Remarks at Herzliya Conference

Remarks
Brett McGurk
Special Presidential Envoy for the Global Coalition To Counter ISIS, Office of the Special Presidential Envoy for the Global Coalition To Counter ISIS
Herzliya, Israel
May 10, 2018


General Gilad, distinguished colleagues and friends, it is a true honor to join you at the Herzliya conference. It is a particular honor to be here during such a historic week in Israel.

Allow me first to recognize my friend General Gilad. Amos has always made himself available to discuss the complexities of this most complex region with myself and many of our colleagues; we have all benefitted greatly from your hard-earned wisdom and decades of experience serving your country.

So I just want to say thank you, Amos, for your lifelong commitment to this great country, protecting your people and now for bringing such a remarkable group of people every year.

My discussion today will be in three parts.

First, I will provide an update on our campaign to defeat ISIS.

We have made a tremendous amount of progress since I was here last year, and I will discuss what was done and what we still have left to do.

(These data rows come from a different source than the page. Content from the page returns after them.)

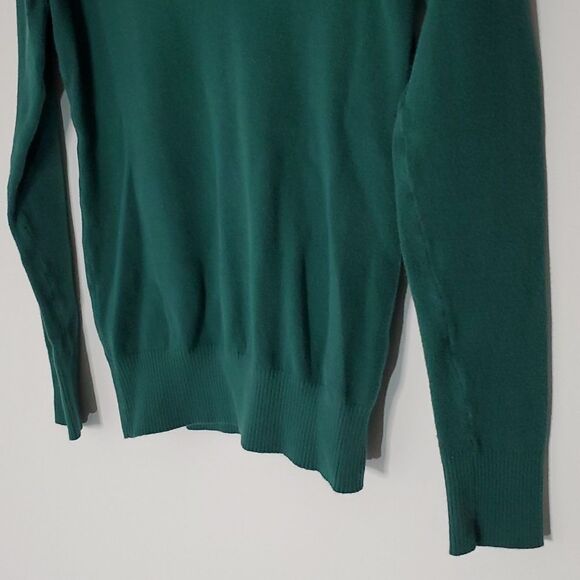 Gap green xs v neck long sleeve sweater - Picture 3 of 6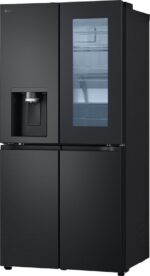 LG Amerikaanse koelkast GMG860EPBE 508L French door - InstaView™ om snel binnen te kijken - DoorCooling+™ voor snellere en gelijkmatige koeling tot aan de deur - Ijs en waterdispenser - Zwart - Afbeelding 5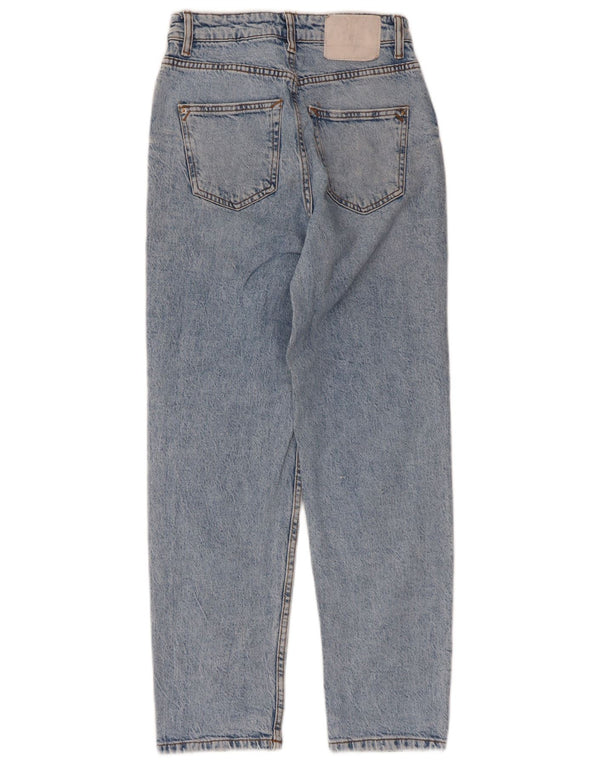 Женские прямые джинсы Zara EU 34 2XS W24 L27, синий хлопок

This is also a timely discussion as only ten days ago we launched what is likely the final phase of operations to defeat what ISIS used to call its caliphate in Syria and Iraq.

Second, with the end of the territorial caliphate in sight, I will touch upon the future of Syria after ISIS, which I know has been a hot topic of conversation here over the last couple of days, and what we must do to ensure these gains are lasting.

What does lasting mean? To the United States it means that ISIS cannot return, and just as importantly, other extremist groups – whether foreign Jihadists linked to al Qaeda, or foreign mercenaries linked to Iran and Hizballah – cannot take advantage of this new phase. So we’ll discuss that.

Third, I will discuss southwest Syria, the site of a ceasefire agreement reached between the U.S., Jordan, and Russia, and holding in place now for nearly ten months. And in that context I’ll discuss some of the events over the last 24 hours.

This is unfinished, however. I will discuss expectations on all parties – particularly Russia – to ensure a lasting and stable peace in this critical area, which protects the borders of our allies and guarantees that threats from any source cannot gather let alone entrench in this strategic corner of the world.

(Map 1)

So this is unfinished business in the south west and I’ll discuss expectations on all parties, particularly Russia, to ensure a lasting and stable peace in this area which protects the borders of our Allies and guarantees that threats from any source cannot gather, let alone entrench, in this strategic corner of Syria.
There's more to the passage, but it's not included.